IP Fragmentation and Tunnels

Articles » Never-Ending Story of IP Fragmentation » IP Fragmentation and Tunnels

The impact of IP fragmentation can be devastating if you use high-speed GRE tunnels or IPSec encryption between routers. By default, routers assume a 1500-byte end-to-end MTU between the tunnel endpoints, resulting in 1476 byte IP MTU on a GRE tunnel interface. The GRE packets generated by the router are usually sent without the DF bit and can be fragmented if an intermediate hop between the tunnel endpoints does not support 1500-byte MTU (for example, a PPPoE DSL connection). The situation becomes even more interesting when you’re combining GRE tunnels with IPSec encryption, particularly if the two operations are not performed by the same device.

This section of the document describes Cisco IOS behavior. Most other router-based IPsec/GRE implementations are reasonably similar, but may vary in performance impact of IP fragment reassembly.

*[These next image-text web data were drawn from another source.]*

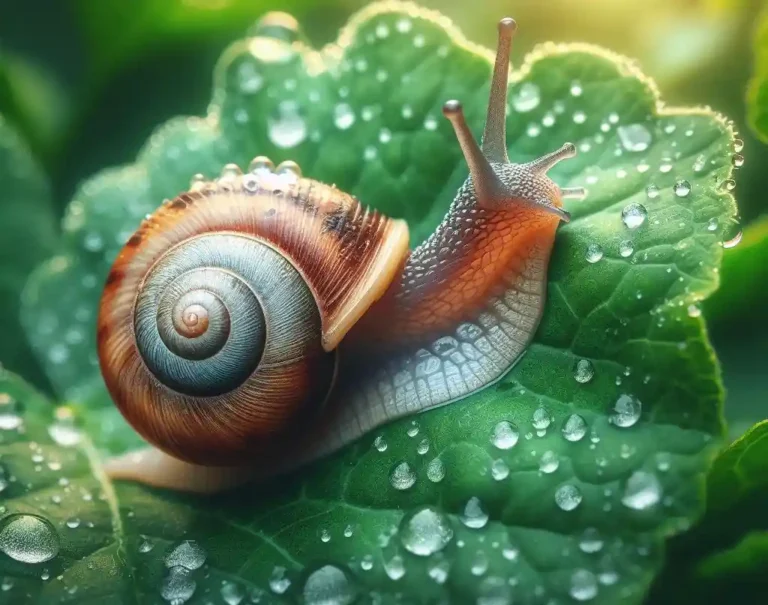 What Does It Mean When You See a Snail: The 13 Spiritual Significances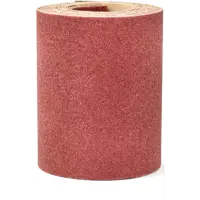 Рулон шлифовальный на бумажной основе Grain Craft P120 93x2500 мм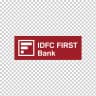 IDFC FIRST Bank logo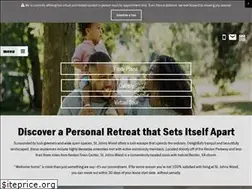 Sites similar to stjohnswoodapartments.com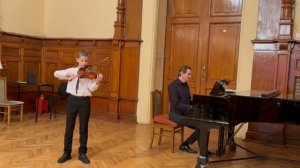 1. Аверьянов Арсений Вячеславович 1 тур Вечное движение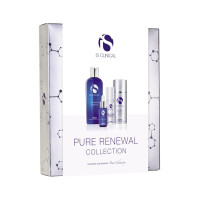 Is Clinical Набір "Інтенсивне омолодження шкіри" Pure Renewal Collection Is Clinical Набір "Інтенсивне омолодження шкіри" Pure Renewal Collection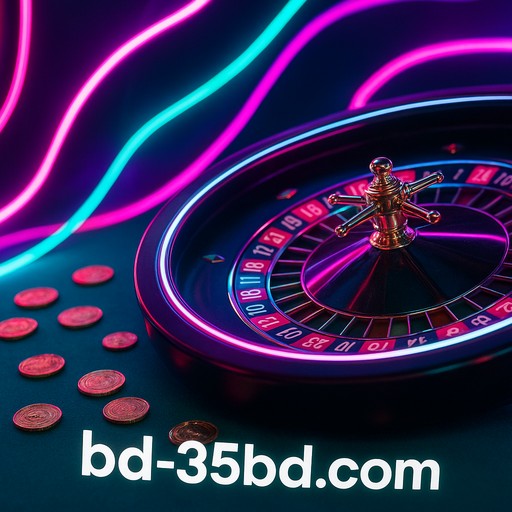 35bd প্রোমোশন ও বোনাস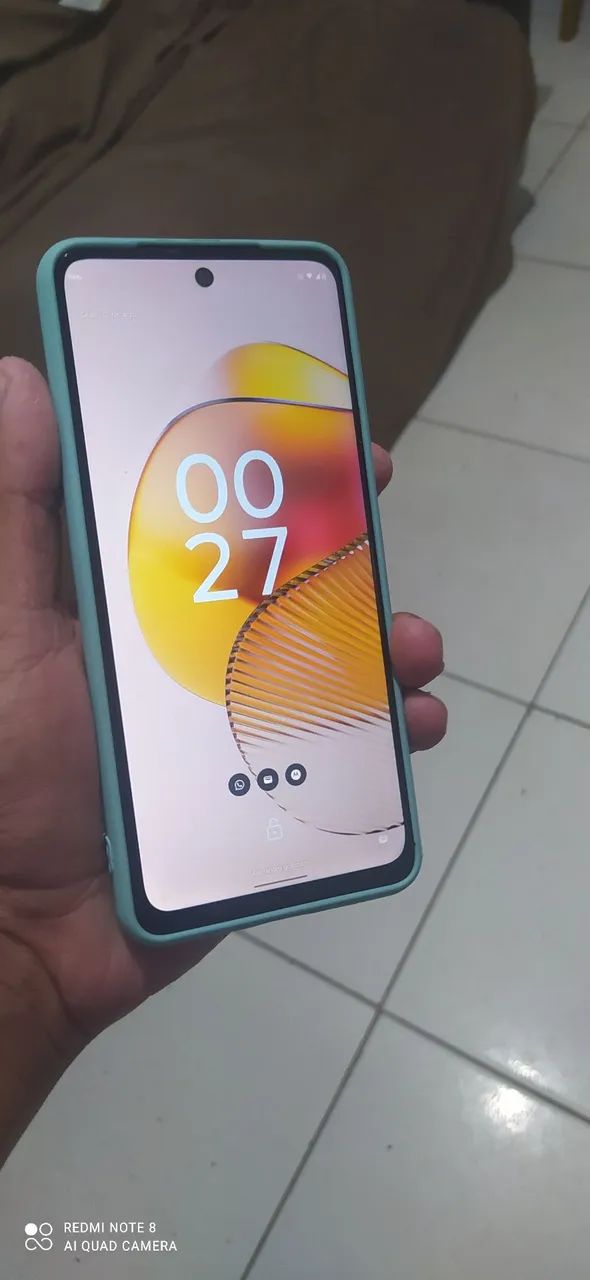 Celular  - Foto 2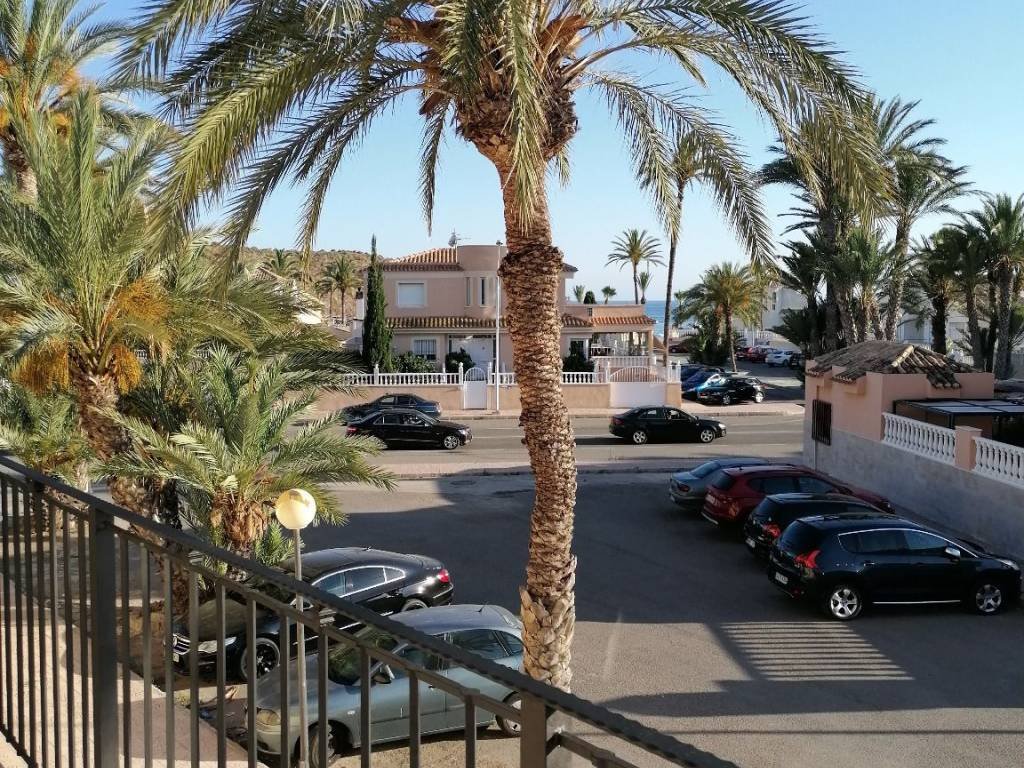 Piso de 55 m² en Mazarrón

The GRE or IPsec fragments have to be reassembled on the tunnel tail-end router or IPsec peer, resulting in process switching of all tunneled or encrypted traffic. The process switching is several times slower than CEF switching on software-only platforms, resulting in unexpectedly high CPU load on the tail-end router. The situation is worse on platforms that rely on hardware-based or hardware-assisted packet switching; the switching bandwidth of a high-end router can drop by a factor of hundred or more.

You can solve the GRE-related problems by manually lowering the ip mtu on the tunnel interface (ideally in combination with the ip tcp adjust-mss configuration command), or you could enable PMTUD for GRE tunnels with the tunnel path-mtu-discovery interface configuration command. When you enable the PMTUD on a GRE tunnel, the GRE packets are sent with the DF bit set and the router responds to the incoming ICMP destination unreachable messages with the reduction of the tunnel MTU size. The decreased MTU can only be inspected with the show interface command as shown below.

Rtr#show interface tunnel 0 | include protocol|Path

Tunnel0 is up, line protocol is up
  Tunnel protocol/transport GRE/IP
  Path MTU Discovery, ager 10 mins, min MTU 92, MTU 776, expires 00:01:57

The Cisco IOS implementation of the tunnel PMTUD is suboptimal (to be polite):

  • DF bit is copied from the source IP packet into the GRE envelope. If the source IP packet doesn’t have the DF bit set, it won’t be set in the outgoing GRE packet, potentially resulting in fragmentation of the GRE packet and expensive reassembly on the tail-end router.
  • The tunnel PMTUD process is thus triggered only by incoming packets with DF bit set.
  • After the end-to-end tunnel MTU has been computed, it’s only applied to the incoming packets with the DF bit set.
  • Even if the router knows the correct end-to-end MTU, the incoming packets without the DF bit are not fragmented, resulting in GRE packet fragmentation further down the path.
Regardless of the tunnel PMTUD algorithm, the router fragments or rejects the tunneled packets if their size exceeds the IP MTU size configured on the tunnel interface with the ip mtu configuration command.